Explaining it to myself a while ago, I made the example below showing how the two models are calculated by the functions and through solving the linear equation Ax=b using the original and transformed data to generate the lm and pgls coefficients.

I can't work out how to tweak your example to replicate this. The vcv matrix is a covariance, not a correlation matrix and solve(cholesky) and chol2inv(cholesky) give different answers so it may be some combination of tweaking those bits of the code.

library(caper)

# a phylogeny
tree <- read.tree(text="((t2:1.46,(t6:0.73,t1:0.73):0.733):1.18,(t3:0.119,(t5:0.0554,t4:0.0554):0.0635):2.53);")
group <- gl(2,3, labels=c('Clade1','Clade2'))

# a data frame of variables and a comparative dataset
data <- data.frame(species = tree$tip.label, A = 1:6,
                  b = c(3.068, 2.213, 2.529, 5.681, 6.23, 6.05))

cdata <- comparative.data(tree, data=data, names='species')

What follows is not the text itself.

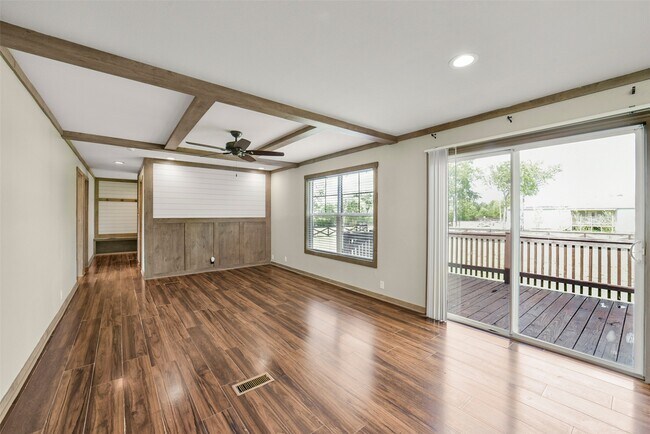 Foto del edificio - 1566 County Rd 610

# create a design and response matrix for the model
Amat <- model.matrix(b ~ A, data=data)
b <- as.matrix(dat$b)

# OLS
# solving Ax=b for x:
# x = (A^TA)^{-1} A^Tb
x <- solve(t(Amat) %*% Amat) %*% t(Amat)%*%b

# PGLS

# same basic equation Ax=b, but correcting for phylogenetic signal
# get the inverse of the VCV matrix
V <- VCV.array(tree)
iV <- solve(V)

# definition of inverse: VV'=I
zapsmall(V %*% iV)

# apply phylogenetic correction to A and b
Amat.prime <- iV %*% Amat
b.prime <- iV %*% b

# solve Ax=b for x
# x = (A^TA')^{-1} A^Tb'
x.phy <- solve(t(Amat) %*% Amat.prime) %*% t(Amat)%*%b.prime

# CHECK USING LM AND PGLS
mod <- lm(b ~ A, data=dat)
pmod <- pgls(b ~ A, data=cdata)

# Visualise
par(mfrow=c(1,2), mar=c(3,3,1,1), mgp=c(2,1,0))
palette(c('khaki','salmon' ))
plot(tree)
tiplabels(pch=21, col='black', bg=group, adj=0.8)
plot(b ~ A, data=dat, pch=21, col='black', bg=group)
abline(x, col='grey', lwd=3)
abline(mod, col='white', lty=2, lwd=1.5)
abline(x.phy, col='cornflowerblue', lwd=3)
abline(pmod, col='white', lty=2, lwd=1.5)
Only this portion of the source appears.